The Mind’s I: Fantasies and reflections on self and soul is a radical exploration of mind/brain/body/soul in which editors Hofstadter & Dennett (1981) have arranged an enigmatic collection of provocative texts to problematize the nature of self:
- A Sense of Self
- Soul Searching
- From Hardware to Software
- Mind as Program
- Created Selves and Free Will
- The Inner Eye
“Where Am I” (chapter 13) is Dennett’s fantastical piece (reprinted from Brainstorms) recounting his highly dangerous and secret mission for the Dept. of Defense (in collaboration with NASA and Howard Hughes) to develop a STUD (Supersonic Tunneling Underground Devise). In short, Dennett’s assignment is to undergo an advanced surgical procedure: the radical separation of his brain from his body.
After the operation is deemed successful, a lightheaded Dennett gets really excited to take a good look at his brain – of course he is excited, wouldn’t you be?! Upon seeing his brain, floating in a mysterious bubbling fluid that looks like ginger-ale, Dennett wonders why his thoughts are originating from his body? Why is he staring at his brain-in-a-vat instead of believing that he is suspended in the effervescent fluid, being stared upon by his very own eyes? He tries and tries again to think himself into the sparkling vat, but to no avail. Riddled with confusion, he attempts to orient himself by giving names to things:
“Yorick,” I said aloud to my brain, “you are my brain. The rest of my body, seated in this chair, I dub ‘Hamlet.’” So here we all are: Yorick’s my brain, Hamlet’s my body, and I am Dennett. Now, where am I? And when I think “where am I?”, where’s that thought tokened? Is it tokened in my brain, lounging about in the vat, or right here between my ears where it seems to be tokened? Or nowhere? Its temporal coordinates give me no trouble; must it not have spatial coordinates as well?
Of course, this story isn’t (and couldn’t) be true. Dennett’s philosophical fantasy seeks to shake-up our unquestioned assumptions about the mind/brain/body/self (particularly to provoke the narrow-minded, no-nonsense, scientific view of the human soul). Dennett’s philosophical truths of “underwhelming significance” serve to make the strange obvious and the obvious strange, revealing perplexities with absurdity, such that we may be jolted to see throught our conditioning and begin to rethink our assumptions. Where is Dennett? His brain (aka Yorick)? His body (aka Hamlet)? Or is there no Dennett? Or is Dennett wherever he thinks he is (i.e., his point of view is also the location of his self)? If the sense of location is but illusion, then perhaps so is the sense of self?

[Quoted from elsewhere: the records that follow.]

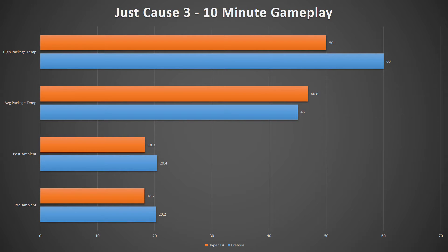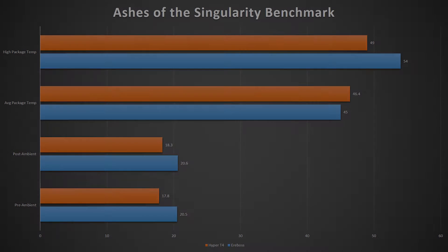After those two stress tests, it was time for a more typical scenario with gaming rounds of Just Cause 3 and Ashes of the Singularity. For Just Cause 3, the Aerobos had a much higher peak temperature but lower average, even with a 2-degree room temperature disadvantage. And Ashes of the Singularity showed the same result, with the high temperature being a few degrees more but the average being an overall lower mark.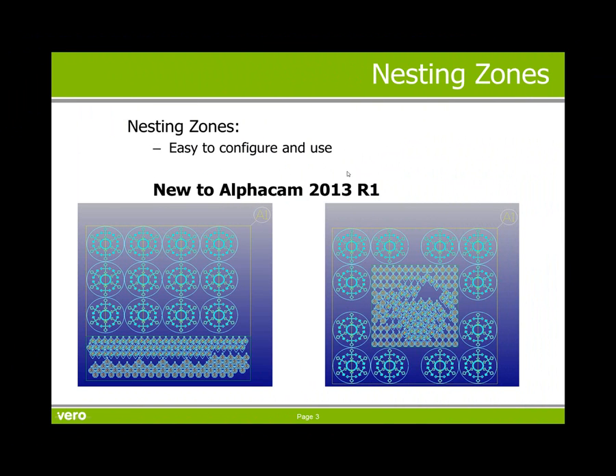Nesting zones are easy to configure and use. It's new and available in AlphaCam 2013 R1. Thank you for your time.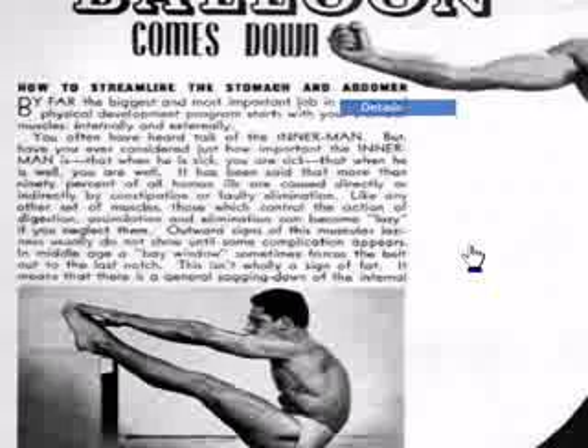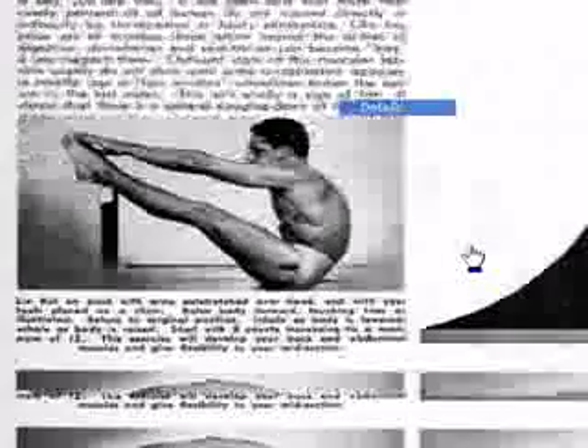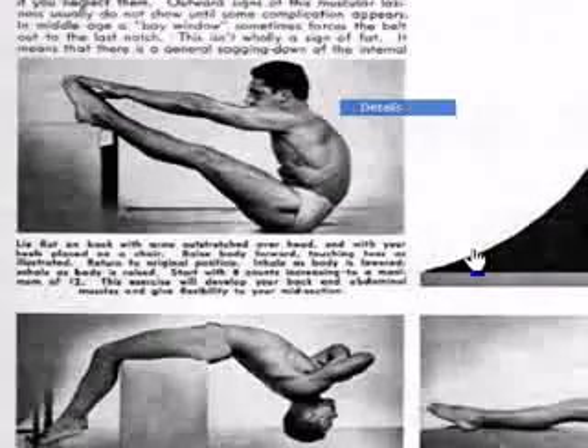Outward sign of muscular laziness does not show until some complications appear — in middle age, the bay window. That's not totally a sign of fat. Here are some great exercises to get rid of that belly fat.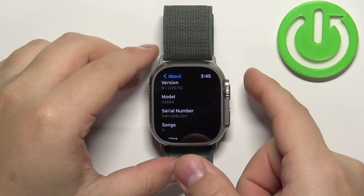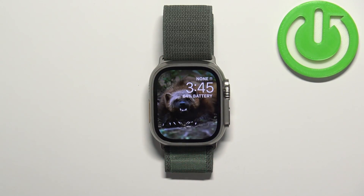Now once you're done, you can press the crown button a couple of times to go back to the watch face. And that's how you check the serial number on this watch.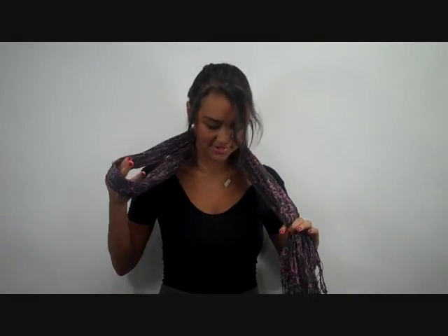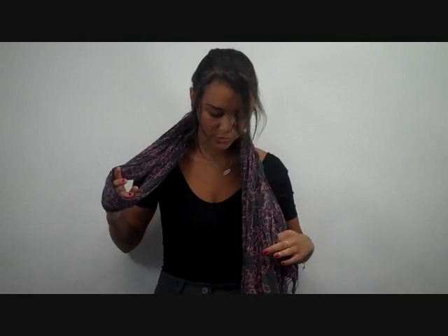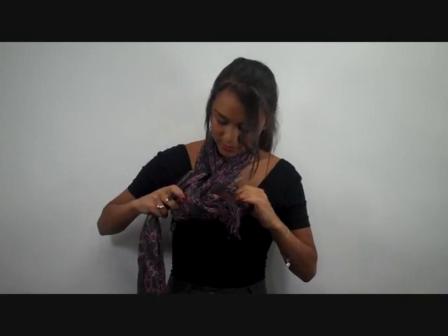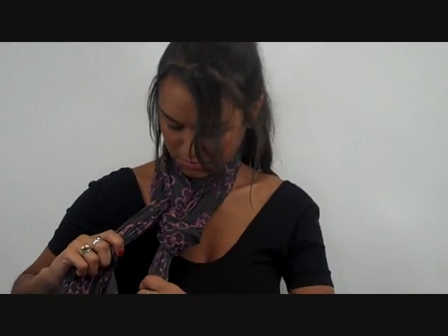Now just put one of the ends through the loop like that, and then actually twist this loop and put the other end through. And then adjust for fit. And it lays flat on your chest.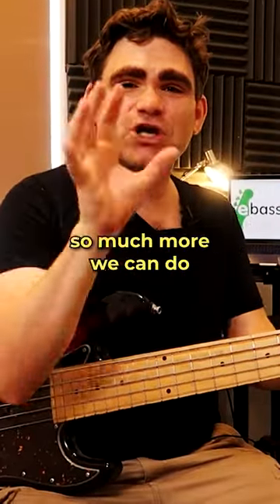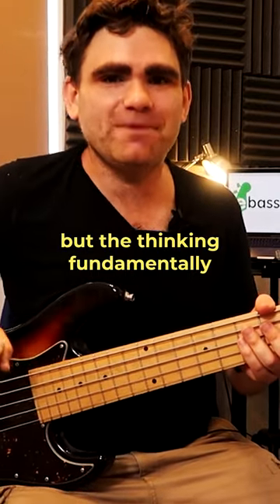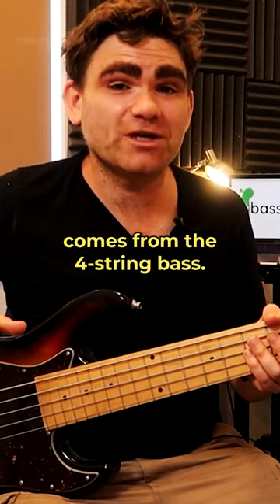So you can see there's so much more we can do now we've got this extra range, but the thinking fundamentally comes from the four-string bass.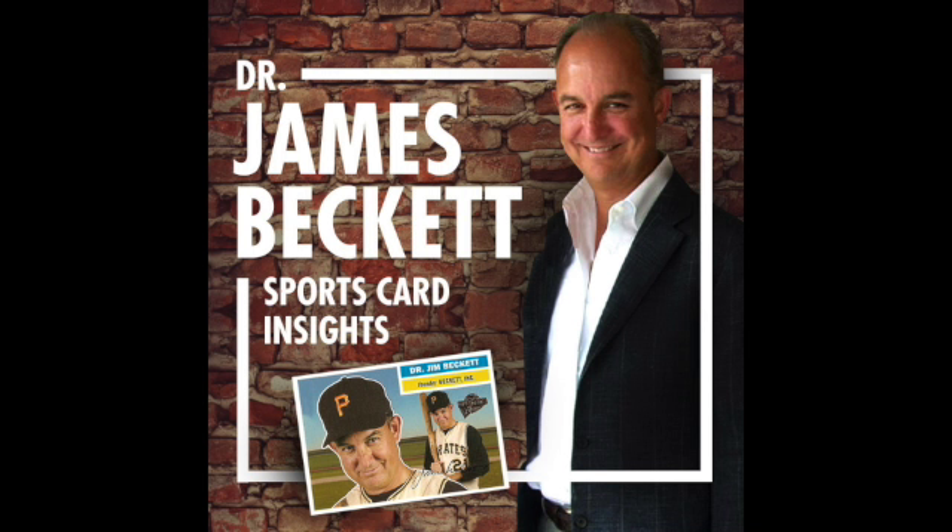There were also All-Star panels in the All-Star programs, which were perforated — you can pop those out. I'm not a big publication guy, but that's a publication I wouldn't mind having if it's got cards in it, and some of the publications do.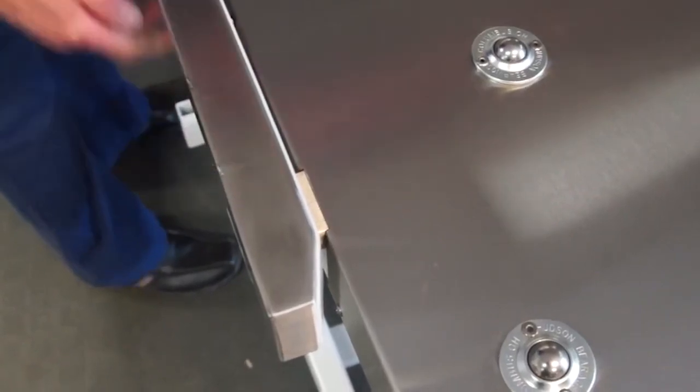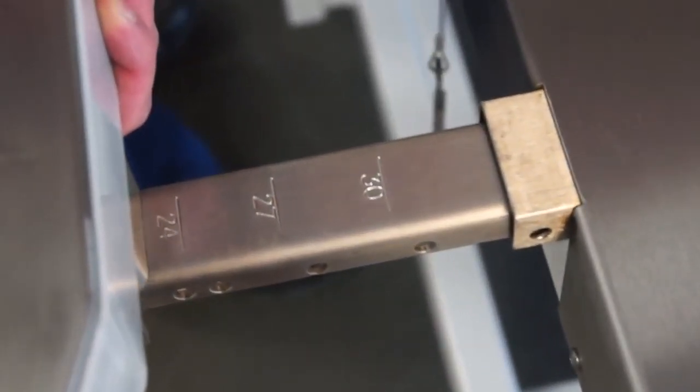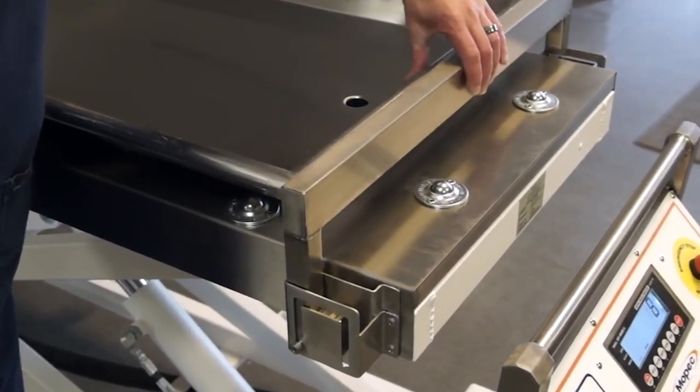The sliding adjustable side rails are easily secured with the locking pin to accommodate various tray sizes ranging from 23 inches to 32 inches. Lift tops can also conform to various lengths using the slide and lock mechanism.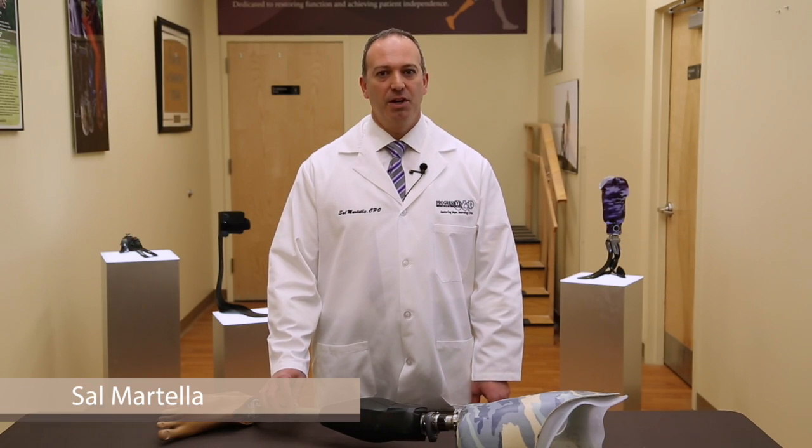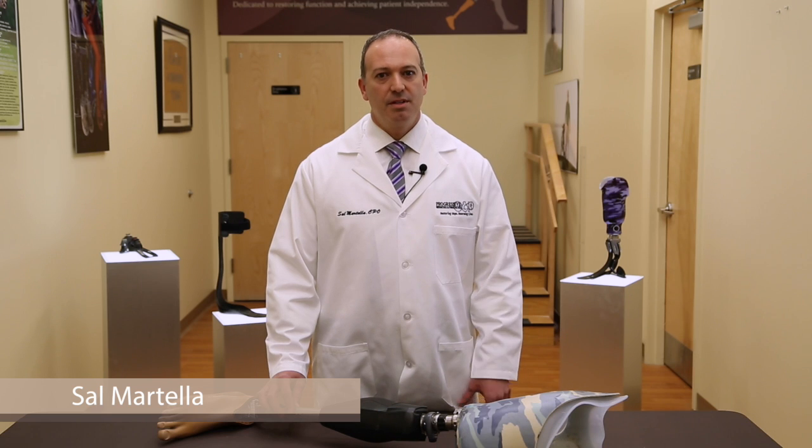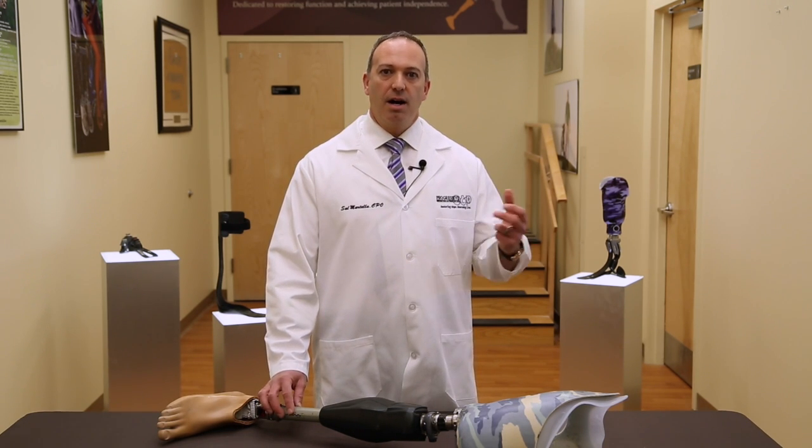Hi, I'm Sal Martella, CPO and co-owner of Progressive OMP located in Albertson, New York. Today I'll be talking to you about the Genium, which is fabricated by Ottobock.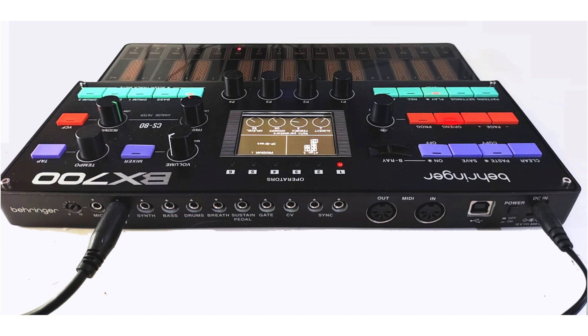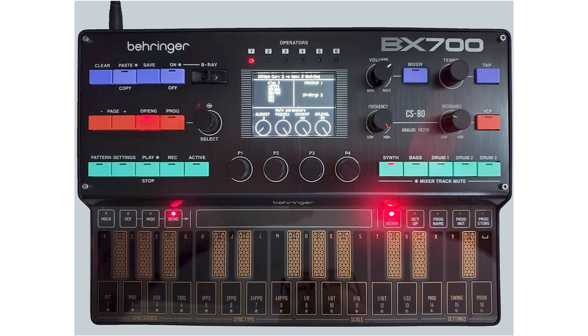I can't believe it has CV — that's awesome. And the fact that you can separate each line is going to be helpful for mixing. So you can separate the synth, the bass, and the drums — it seems there are three drum patterns but they'll all come out of that one port. This is a groove box with a lot of features that people would like, especially with the split outputs. It's a DX7 on steroids. Let me know what you think of the BX700 in the comments down below, and thank you very much for watching.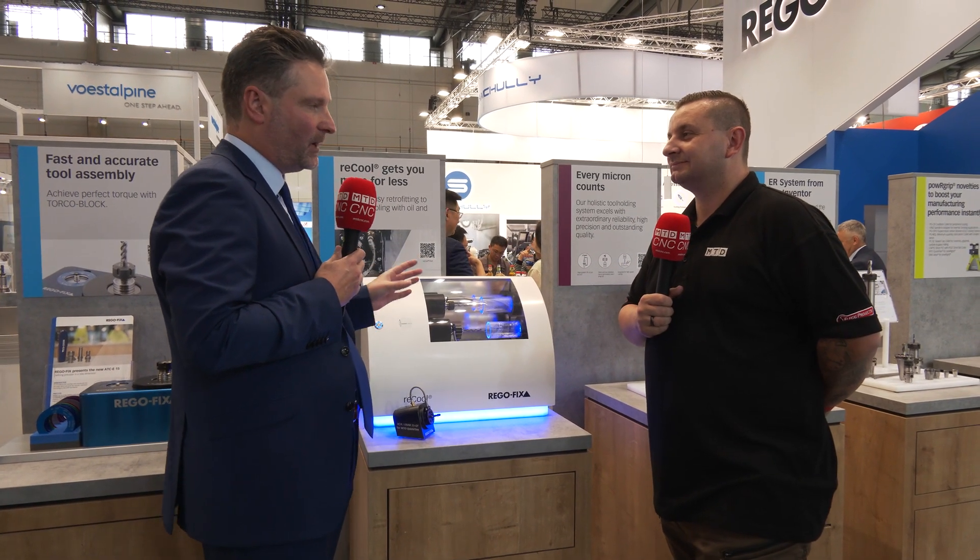With internal coolant and peripheral coolant you can solve a lot of application issues, and the trend in cutting tools is moving more towards true coolant or peripheral solutions. Also, if you're working with austenitic steels or other materials that tend to heat up, you need good coolant options. If your machine isn't ready for this, you shouldn't say there's no application for it — check what's available on the market, and Recool could be a good solution.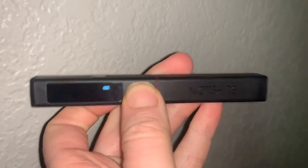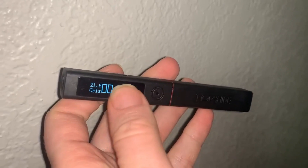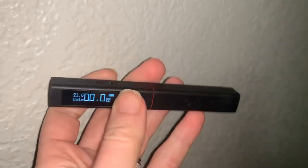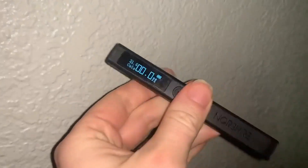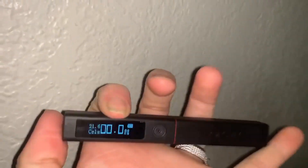I've got this really cool rechargeable tire gauge here. It shows your battery life percentage and has a really easy-to-read LCD screen. It charges with a Type-C charger, and you just put it up to your tire and it will show your information on the screen. Very cool.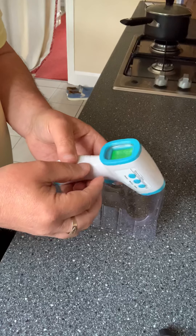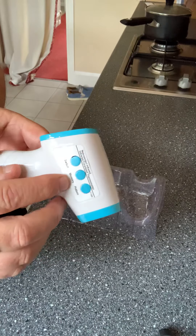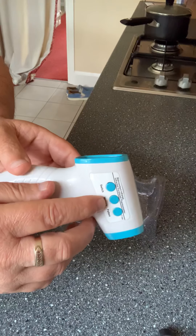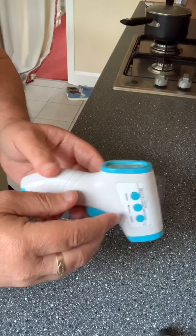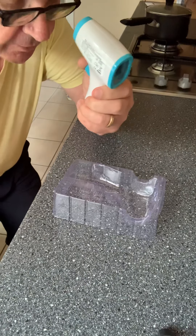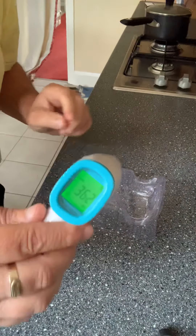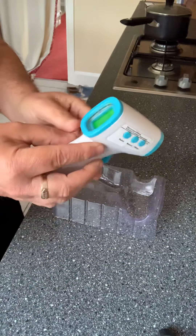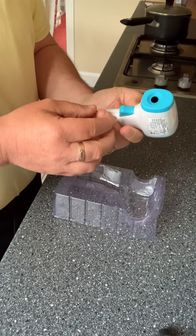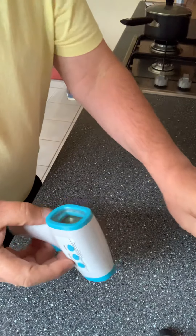It also has a memory button that saves readings — I don't know exactly how many it stores as I haven't tried it enough yet. If I point this to my forehead, when it beeps it tells me I'm 36.2, and that's on body mode.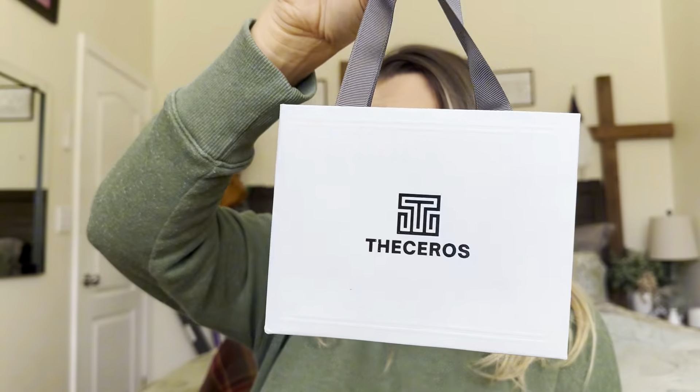Everyone, welcome back to my channel. If you're new, welcome. My name is Darlene. Today I'm going to be reviewing this necklace right here. Let's go ahead and get right into this.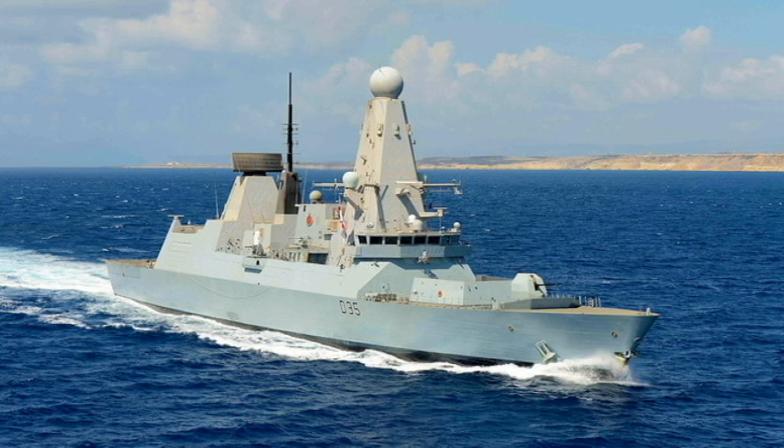Good day, ladies and gentlemen, and welcome back to another warship brief. Today we'll be talking about the Type 45 destroyer, or as it was originally to be called, the Horizon class.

In questioning his “essential Dennettness”, Fortinbras (Dennett’s new body, after the expiration of Hamlet) routinely flips an intentionally unmarked Master Switch that allows him to switch from Yorick to Hubert (his newly cloned brain) or vice versa. Every time he flips the switch, nothing happens. Dennett doesn’t have any idea where his self is. But he continues to flip in the switch, longing for the moment of understanding, and then, all of sudden:
“THANK GOD! I THOUGHT YOU’D NEVER FLIP THAT SWITCH! You can’t imagine how horrible it’s been these last two weeks — but now you know; it’s your turn in purgatory. How I’ve longed for this moment! You see…
I’m not one to spoil a good story, so you’ll have to find the answer for yourself in Dennett’s text: Where Am I?